=== EXERCISE ===
Given the entries below, please return each one exactly.

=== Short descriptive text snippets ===

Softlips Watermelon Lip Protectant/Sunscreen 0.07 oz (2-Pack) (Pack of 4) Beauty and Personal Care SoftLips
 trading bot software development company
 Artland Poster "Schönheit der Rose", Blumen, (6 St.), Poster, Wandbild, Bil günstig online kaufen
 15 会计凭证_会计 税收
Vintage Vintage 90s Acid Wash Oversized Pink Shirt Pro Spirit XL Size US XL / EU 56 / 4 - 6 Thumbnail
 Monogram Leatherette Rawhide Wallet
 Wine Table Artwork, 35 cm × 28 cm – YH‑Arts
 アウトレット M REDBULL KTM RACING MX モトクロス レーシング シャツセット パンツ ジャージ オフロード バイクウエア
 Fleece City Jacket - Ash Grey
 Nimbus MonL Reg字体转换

=== WRITTEN ANSWER ===
Softlips Watermelon Lip Protectant/Sunscreen 0.07 oz (2-Pack) (Pack of 4) Beauty and Personal Care SoftLips
 trading bot software development company
 Artland Poster "Schönheit der Rose", Blumen, (6 St.), Poster, Wandbild, Bil günstig online kaufen
 15 会计凭证_会计 税收
Vintage Vintage 90s Acid Wash Oversized Pink Shirt Pro Spirit XL Size US XL / EU 56 / 4 - 6 Thumbnail
 Monogram Leatherette Rawhide Wallet
 Wine Table Artwork, 35 cm × 28 cm – YH‑Arts
 アウトレット M REDBULL KTM RACING MX モトクロス レーシング シャツセット パンツ ジャージ オフロード バイクウエア
 Fleece City Jacket - Ash Grey
 Nimbus MonL Reg字体转换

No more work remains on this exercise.